Tuanku Tambusai (lahir di Tambusai, Rokan Hulu, Riau, 5 November 1784 – meninggal di Negeri Sembilan, Malaya Briania, 12 November 1882 pada umur 98 tahun) adalah salah seorang tokoh Paderi terkemuka.
Tuanku Tambusai lahir di Dalu-dalu, nagari Tambusai, Rokan Hulu, Riau. Dalu-dalu merupakan salah satu desa pedagang Minangkabau yang didirikan di tepi sungai Sosah, anak sungai Rokan. Tuanku Tambusai memiliki nama kecil Muhammad Saleh, yang setelah pulang haji, dipanggilkan orang Tuanku Haji Muhammad Saleh.
Tuanku Tambusai merupakan anak dari pasangan perantau Minang,
Tuanku Imam Maulana Kali dan Munah. Ayahnya berasal dari nagari Rambah
dan merupakan seorang guru agama Islam. Oleh Raja Tambusai ayahnya
diangkat menjadi imam dan kemudian menikah dengan perempuan setempat.
Ibunya berasal dari nagari Tambusai yang bersuku Kandang Kopuh. Sesuai
dengan tradisi Minang yang matrilineal, suku ini diturunkannya kepada
Tuanku Tambusai.
Sewaktu kecil Muhammad
Saleh telah diajarkan ayahnya ilmu bela diri, termasuk ketangkasan
menunggang kuda, dan tata cara bernegara.
Untuk memperdalam ilmu agama, Tuanku Tambusai pergi belajar ke Bonjol dan Rao di Sumatera Barat.
Disana ia banyak belajar dengan ulama-ulama Islam yang berpaham Paderi,
hingga dia mendapatkan gelar fakih. Ajaran Paderi begitu memikat
dirinya, sehingga ajaran ini disebarkan pula di tanah kelahirannya.
Disini ajarannya dengan cepat diterima luas oleh masyarakat, sehingga ia
banyak mendapatkan pengikut. Semangatnya untuk menyebarkan dan
melakukan pemurnian Islam, mengantarkannya untuk berperang mengislamkan
masyarakat di tanah Batak yang masih banyak menganut pelbegu.
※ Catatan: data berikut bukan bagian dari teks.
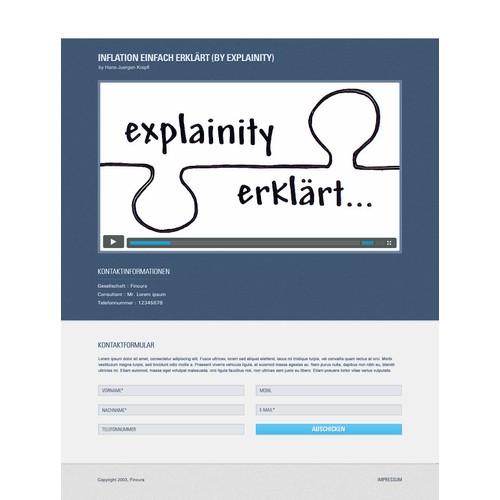 Video landing page (financial planning / insurance)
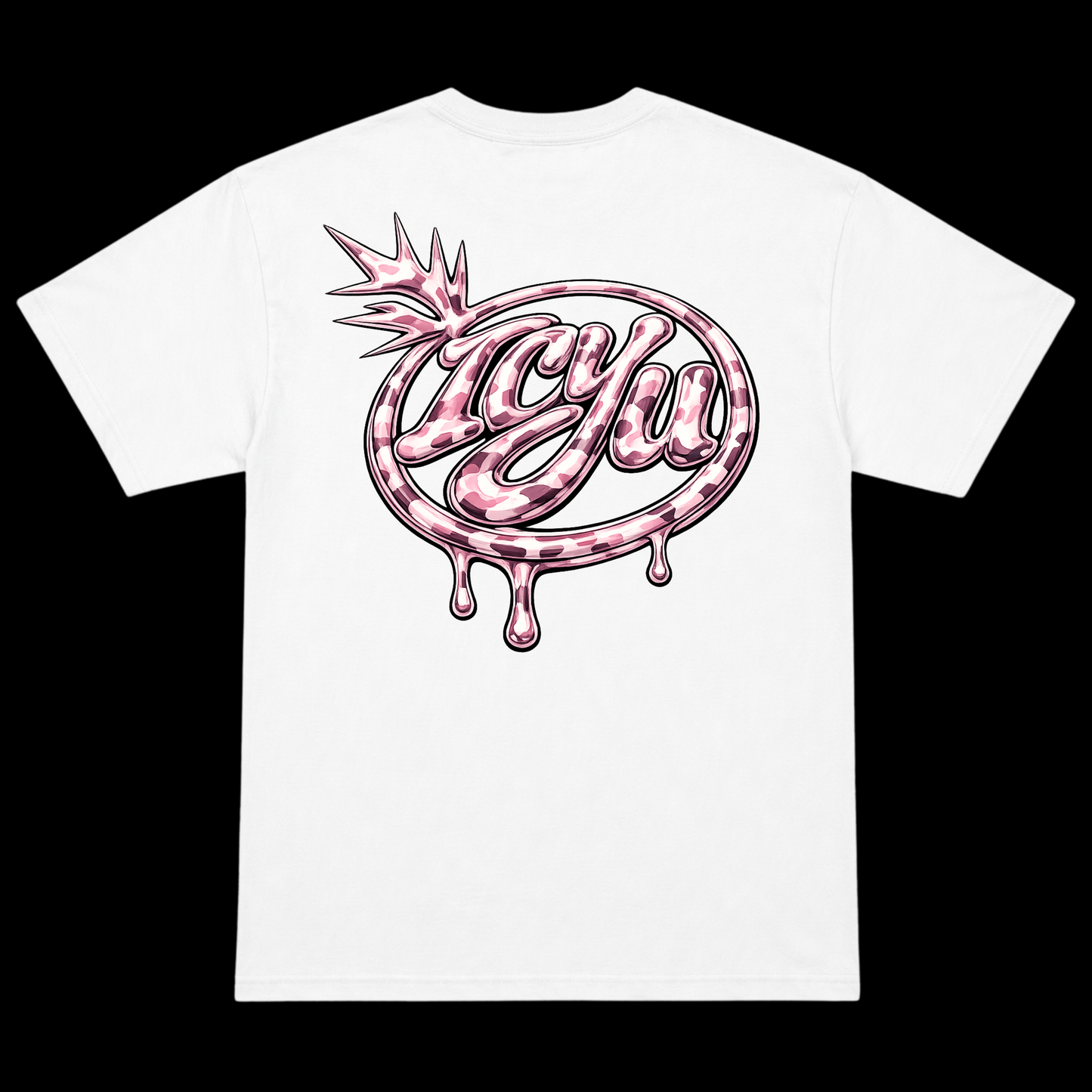 ICYU Camo Pink Logo Tee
Perjuangannya dimulai di daerah Rokan Hulu dan sekitarnya dengan pusat
di Benteng Dalu-dalu. Kemudian ia melanjutkan perlawanan ke wilayah Natal pada
tahun 1823. Tahun 1824, ia memimpin pasukan gabungan Dalu-dalu,
Lubuksikaping, Padanglawas, Angkola, Mandailing, dan Natal untuk melawan
Belanda. Dia sempat menunaikan ibadahhaji dan juga diminta oleh Tuanku Imam Bonjol untuk mempelajari perkembangan Islam di Tanah Arab.
Dalam kurun waktu 15 tahun, Tuanku Tambusai cukup merepotkan pasukan Belanda, sehingga sering meminta bantuan pasukan dari Batavia.
Berkat kecerdikannya, benteng Belanda Fort Amerongen dapat dihancurkan.
Bonjol yang telah jatuh ke tangan Belanda dapat direbut kembali
walaupun tidak bertahan lama. Tuanku Tambusai tidak saja menghadapi
Belanda, tetapi juga sekaligus pasukan Raja Gedombang (regent Mandailing) dan Tumenggung Kartoredjo, yang berpihak kepada Belanda. Oleh Belanda ia digelari “De Padrische Tijger van Rokan”
(Harimau Paderi dari Rokan) karena amat sulit dikalahkan, tidak pernah
menyerah, dan tidak mau berdamai dengan Belanda. Keteguhan sikapnya
diperlihatkan dengan menolak ajakan Kolonel Elout untuk berdamai. Pada
tanggal 28 Desember 1838, benteng Dalu-dalu jatuh ke tangan Belanda.
Lewat pintu rahasia, ia meloloskan diri dari kepungan Belanda dan
sekutu-sekutunya. Ia mengungsi dan wafat di Seremban, Negeri Sembilan, Malaysia pada tanggal 12 November 1882.
Karena jasa-jasanya menentang penjajahan Hindia-Belanda, pada tahun 1995 pemerintah mengangkatnya sebagai pahlawan nasional.